When Geoffrey Chaucer wrote The Canterbury Tales he did something quite remarkable. He wrote them in English. Now maybe, it is not English as you would recognize it--here, have a go at it. These are the opening lines of the Prologue to The Canterbury Tales.
Whan that Aprill, with his shoures soote
The drought of March hath perced to the roote
And bathed every veyne in swich licour,
Of which vertu engendred is the flour;
Whan Zephirus eek with his sweete breeth
Inspired hath in every holt and heeth
The tendre croppes, and the yonge sonne
Hath in the Ram his halfe cours yronne,
And smale foweles maken melodye,
That slepen al the nyght with open eye-
(So priketh hem Nature in hir corages);
Thanne longen folk to goon on pilgrimages
And palmeres for to seken straunge strondes
To ferne halwes, kowthe in sondry londes;
And specially from every shires ende
Of Engelond, to Caunterbury they wende,
The hooly blisful martir for to seke
That hem hath holpen, whan that they were seeke.

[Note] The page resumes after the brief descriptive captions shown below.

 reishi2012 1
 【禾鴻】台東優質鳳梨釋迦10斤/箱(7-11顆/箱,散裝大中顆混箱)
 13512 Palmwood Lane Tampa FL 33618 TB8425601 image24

Bifil that in that seson, on a day,
In Southwerk at the Tabard as I lay
Redy to wenden on my pilgrymage
To Caunterbury with ful devout corage,
At nyght was come into that hostelrye
Wel nyne and twenty in a compaignye
Of sondry folk, by aventure yfalle
In felaweshipe, and pilgrimes were they alle,
That toward Caunterbury wolden ryde.
How did you do? Not very well? Too many words that aren't easily recognizable? You are reading Middle English--which at times seems closer to German than modern English, especially in pronunciation, where you articulate all the consonants. So, "pilgrymage" (which we say as a three syllable word) becomes PIL GRIM MAH JA. Quite fun, reading and speaking in Middle English.

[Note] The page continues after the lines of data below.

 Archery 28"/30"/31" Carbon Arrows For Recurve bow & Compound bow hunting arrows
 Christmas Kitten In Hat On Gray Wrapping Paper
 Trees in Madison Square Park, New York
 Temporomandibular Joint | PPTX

OK--what Chaucer was writing about was a group of twenty-nine pilgrims who are making a trip in April to Canterbury to visit the grave of Thomas Becket, who had been murdered in the cathedral. The remains of his body had been gathered up by faithful followers. Soon, miracles began to happen--and by the time Chaucer writes, two hundred years after Becket's death, pilgrims were traveling in droves to this site.

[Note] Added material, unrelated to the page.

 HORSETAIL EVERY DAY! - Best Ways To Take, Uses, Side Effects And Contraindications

And they still go today--only, now they are called tourists. Maybe they don't expect miracles, but they can be awed. Tourists first go through a gate (not sure if pilgrims did likewise or not)--pictured below.
The cathedral that stands today would not have been what Chaucer's pilgrims saw. The soaring Gothic style of the cathedral (pictured below) was rebuilt in the 14th century, so it was not the cathedral standing there in Becket's day.
For 3 centuries after Becket's death, a shrine in Trinity Chapel was dedicated to Thomas Becket, who had been made a saint in 1173. But, with Henry VIII's break with the Catholic Church, and his establishment of the Church of England, Henry ordered thousands of Catholic sites destroyed. Among them was the shrine of Thomas Becket. Today, a simple candle marks the spot of the Becket Shrine.
The actual spot where Becket was slain still exists, but is today marked by a modern memorial. This site is simply called The Martyrdom, with the jagged steel swords on either side of the broken sword hanging over a simple altar. Thomas was praying at the altar when Henry II's knights stormed in and killed him.
One part of the cathedral that would have been standing in Becket's day is the crypt. Below the quire of the cathedral, the crypt shows Romanesque architecture. The low arches are dramatically lit by small lights.
This small chapel in the crypt is called the Jesus Chapel--the ceiling is marvelously decorated.
Outside the cathedral, few old buildings stand.
There is a lovely small healing garden, with walls on three sides. It is easy to imagine people seeking solace here.